Efficiently Reconstructing Dynamic Scenes One D4RT at a Time

Chuhan Zhang ⋅ Guillaume Le Moing ⋅ Skanda Koppula ⋅ Ignacio Rocco ⋅ Liliane Momeni ⋅ Junyu Xie ⋅ Shuyang Sun ⋅ Rahul Sukthankar ⋅ Joëlle K. Barral ⋅ Raia Hadsell ⋅ Zoubin Ghahramani ⋅ Andrew Zisserman ⋅ Junlin Zhang ⋅ Mehdi S. M. Sajjadi

Project Page

Abstract

Understanding and reconstructing the complex geometry and motion of dynamic 4D scenes from video remains a formidable challenge in computer vision.
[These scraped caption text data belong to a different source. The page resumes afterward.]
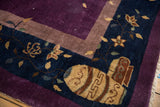 Vintage Nichols carpet corner detail: navy border with gold cloudband vase motif, plum field.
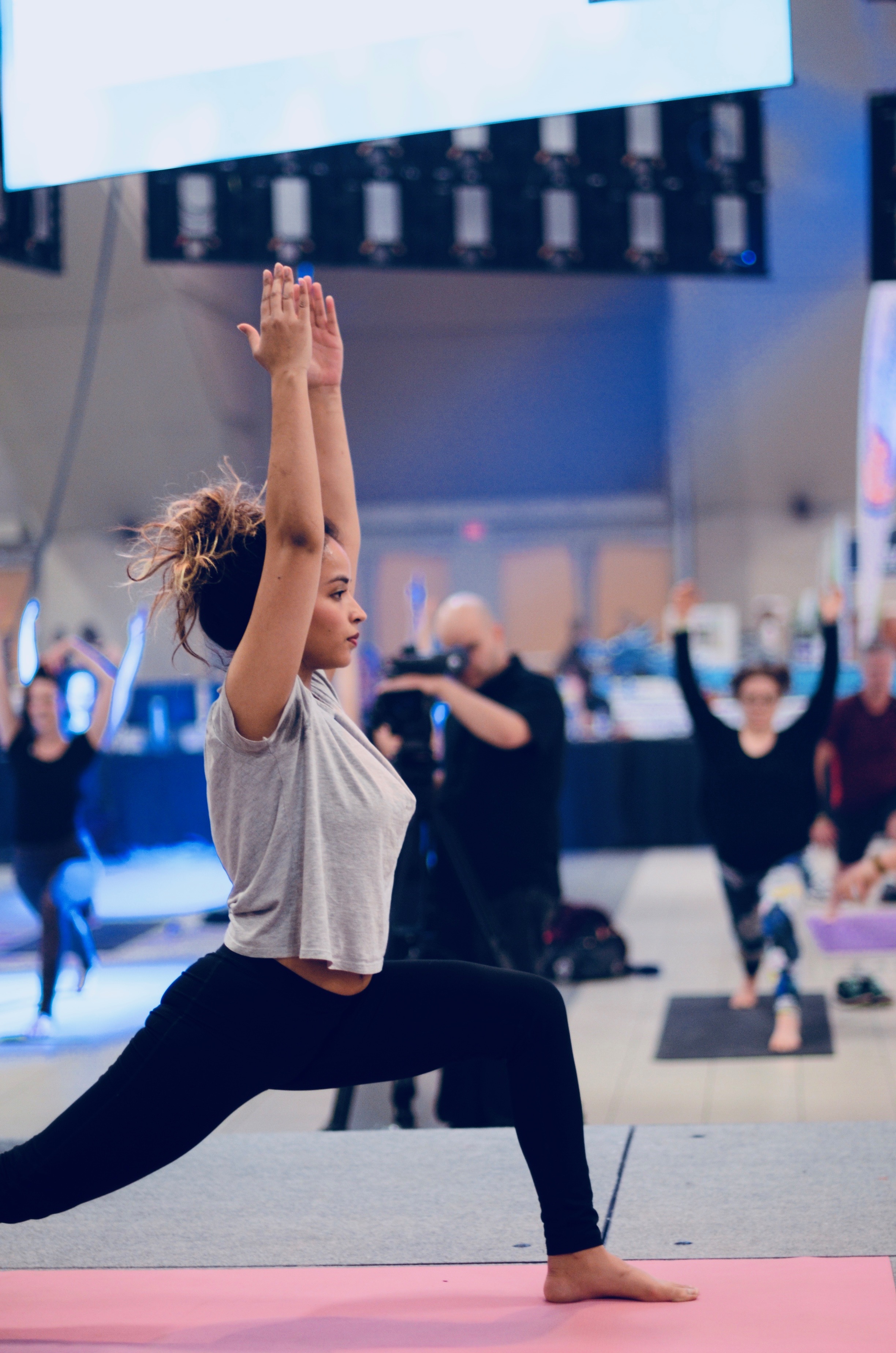 There's Yogalife North's Sarah on stage demonstrating for Emerald's Sunday class.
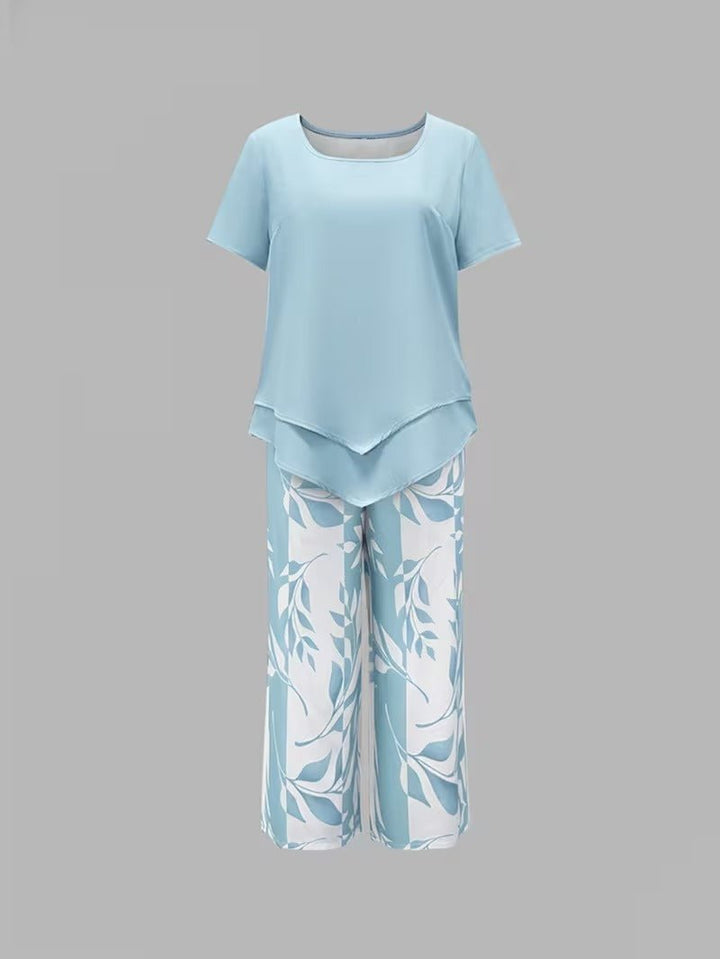 Relaxed fit women's floral wide leg two-piece set. Summer-ready V-neck top & flowy pants.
This paper introduces D4RT, a simple yet powerful feedforward network designed to efficiently solve this task. D4RT utilizes a unified transformer architecture to jointly infer depth, spatio-temporal correspondence, and full camera parameters from a single video. Its core innovation is a novel mechanism that sidesteps the heavy computation of dense, per-frame decoding and the complexity of managing multiple, task-specific decoders. Our unified decoding interface allows the model to independently and efficiently probe the 3D position of any point in space and time. The result is a lightweight and highly scalable method that enables remarkably efficient training and inference. We demonstrate that our approach sets a new state-of-the-art, outperforming previous methods across a wide spectrum of 4D reconstruction tasks.